Although total knee arthroplasty is generally a successful operation, many studies have shown that it results in significant alterations in the kinematics of the joint, which cause limitations in performing the activities of daily living. This study aimed to define the design features for a customized surface-guided total knee replacement and to evaluate the kinematic outcomes. Magnetic resonance imaging data of the knee joint are used to generate the design features as they relate to the functionality of the implant. The motion is guided by considering a partial ball and socket configuration on the medial condyle and varying radii of curvature on the lateral articulating surface. A virtual simulation of the behavior of the surface-guided total knee replacement was performed to investigate the motion patterns of this total knee replacement under gait and squatting loading conditions.

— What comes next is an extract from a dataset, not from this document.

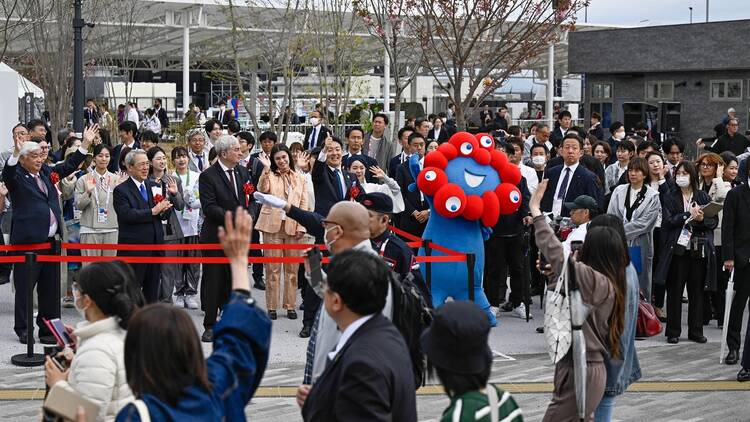 Osaka-Kansai Expo Photojournalism Exhibition Osaka-Kansai Expo Photojournalism Exhibition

Results of the virtual simulation show that flexion and extension of the knee make the center of the lateral condyle move more naturally in the posterior and anterior directions, in comparison to the center of the medial condyle. Such guidance is achieved as a result of the novel customized designed contact between the articulating surfaces. The proposed customized surface-guided total knee replacement provides patterns of motion close to the expected more natural target, not only during a gait cycle but also as the knee flexes to higher degrees during squatting. Major design features include location and orientation of the flexion and pivoting axes, the trace of the contact points on the tibia, and the radii of the guiding arcs on the lateral condyle.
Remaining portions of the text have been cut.